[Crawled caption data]

————————

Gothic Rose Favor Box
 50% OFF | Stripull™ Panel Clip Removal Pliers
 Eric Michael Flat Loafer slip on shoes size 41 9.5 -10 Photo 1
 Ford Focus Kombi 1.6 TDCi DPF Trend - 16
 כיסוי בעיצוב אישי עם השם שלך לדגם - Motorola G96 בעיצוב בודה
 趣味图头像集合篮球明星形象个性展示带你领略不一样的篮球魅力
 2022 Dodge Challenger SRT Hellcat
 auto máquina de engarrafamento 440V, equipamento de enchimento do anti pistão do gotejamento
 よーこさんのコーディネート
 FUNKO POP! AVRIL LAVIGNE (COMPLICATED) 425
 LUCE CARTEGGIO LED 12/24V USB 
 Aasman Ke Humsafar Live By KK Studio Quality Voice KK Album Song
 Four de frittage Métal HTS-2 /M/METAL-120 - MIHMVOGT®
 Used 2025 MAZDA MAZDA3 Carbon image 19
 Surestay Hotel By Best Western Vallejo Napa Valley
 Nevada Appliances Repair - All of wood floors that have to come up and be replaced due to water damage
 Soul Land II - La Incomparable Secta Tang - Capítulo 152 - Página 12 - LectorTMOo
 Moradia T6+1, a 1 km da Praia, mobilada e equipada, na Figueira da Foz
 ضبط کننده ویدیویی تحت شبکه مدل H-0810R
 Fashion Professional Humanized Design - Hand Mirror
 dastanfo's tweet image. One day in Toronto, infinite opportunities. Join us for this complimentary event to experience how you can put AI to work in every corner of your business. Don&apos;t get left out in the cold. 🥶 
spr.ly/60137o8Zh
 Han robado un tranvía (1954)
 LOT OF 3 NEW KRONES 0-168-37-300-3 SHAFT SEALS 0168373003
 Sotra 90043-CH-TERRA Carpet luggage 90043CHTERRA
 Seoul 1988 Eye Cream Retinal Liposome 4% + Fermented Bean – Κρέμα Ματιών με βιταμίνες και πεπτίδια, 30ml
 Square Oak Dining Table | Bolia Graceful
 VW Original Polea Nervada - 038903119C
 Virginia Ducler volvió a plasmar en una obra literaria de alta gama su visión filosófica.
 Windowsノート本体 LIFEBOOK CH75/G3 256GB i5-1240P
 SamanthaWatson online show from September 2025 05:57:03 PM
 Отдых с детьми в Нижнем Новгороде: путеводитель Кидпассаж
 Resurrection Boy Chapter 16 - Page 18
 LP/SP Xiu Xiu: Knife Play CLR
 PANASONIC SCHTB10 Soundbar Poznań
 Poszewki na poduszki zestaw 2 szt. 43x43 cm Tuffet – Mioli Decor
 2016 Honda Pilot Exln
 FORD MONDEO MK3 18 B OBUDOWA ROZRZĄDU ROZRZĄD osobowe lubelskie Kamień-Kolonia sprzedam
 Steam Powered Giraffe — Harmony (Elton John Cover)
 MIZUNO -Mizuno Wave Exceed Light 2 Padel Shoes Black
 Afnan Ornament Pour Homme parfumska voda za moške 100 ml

————————

▶ [Exercise brief]: Could you copy every record above exactly as it appears?

▶ [Answer to this problem]:
Gothic Rose Favor Box
 50% OFF | Stripull™ Panel Clip Removal Pliers
 Eric Michael Flat Loafer slip on shoes size 41 9.5 -10 Photo 1
 Ford Focus Kombi 1.6 TDCi DPF Trend - 16
 כיסוי בעיצוב אישי עם השם שלך לדגם - Motorola G96 בעיצוב בודה
 趣味图头像集合篮球明星形象个性展示带你领略不一样的篮球魅力
 2022 Dodge Challenger SRT Hellcat
 auto máquina de engarrafamento 440V, equipamento de enchimento do anti pistão do gotejamento
 よーこさんのコーディネート
 FUNKO POP! AVRIL LAVIGNE (COMPLICATED) 425
 LUCE CARTEGGIO LED 12/24V USB 
 Aasman Ke Humsafar Live By KK Studio Quality Voice KK Album Song
 Four de frittage Métal HTS-2 /M/METAL-120 - MIHMVOGT®
 Used 2025 MAZDA MAZDA3 Carbon image 19
 Surestay Hotel By Best Western Vallejo Napa Valley
 Nevada Appliances Repair - All of wood floors that have to come up and be replaced due to water damage
 Soul Land II - La Incomparable Secta Tang - Capítulo 152 - Página 12 - LectorTMOo
 Moradia T6+1, a 1 km da Praia, mobilada e equipada, na Figueira da Foz
 ضبط کننده ویدیویی تحت شبکه مدل H-0810R
 Fashion Professional Humanized Design - Hand Mirror
 dastanfo's tweet image. One day in Toronto, infinite opportunities. Join us for this complimentary event to experience how you can put AI to work in every corner of your business. Don&apos;t get left out in the cold. 🥶 
spr.ly/60137o8Zh
 Han robado un tranvía (1954)
 LOT OF 3 NEW KRONES 0-168-37-300-3 SHAFT SEALS 0168373003
 Sotra 90043-CH-TERRA Carpet luggage 90043CHTERRA
 Seoul 1988 Eye Cream Retinal Liposome 4% + Fermented Bean – Κρέμα Ματιών με βιταμίνες και πεπτίδια, 30ml
 Square Oak Dining Table | Bolia Graceful
 VW Original Polea Nervada - 038903119C
 Virginia Ducler volvió a plasmar en una obra literaria de alta gama su visión filosófica.
 Windowsノート本体 LIFEBOOK CH75/G3 256GB i5-1240P
 SamanthaWatson online show from September 2025 05:57:03 PM
 Отдых с детьми в Нижнем Новгороде: путеводитель Кидпассаж
 Resurrection Boy Chapter 16 - Page 18
 LP/SP Xiu Xiu: Knife Play CLR
 PANASONIC SCHTB10 Soundbar Poznań
 Poszewki na poduszki zestaw 2 szt. 43x43 cm Tuffet – Mioli Decor
 2016 Honda Pilot Exln
 FORD MONDEO MK3 18 B OBUDOWA ROZRZĄDU ROZRZĄD osobowe lubelskie Kamień-Kolonia sprzedam
 Steam Powered Giraffe — Harmony (Elton John Cover)
 MIZUNO -Mizuno Wave Exceed Light 2 Padel Shoes Black
 Afnan Ornament Pour Homme parfumska voda za moške 100 ml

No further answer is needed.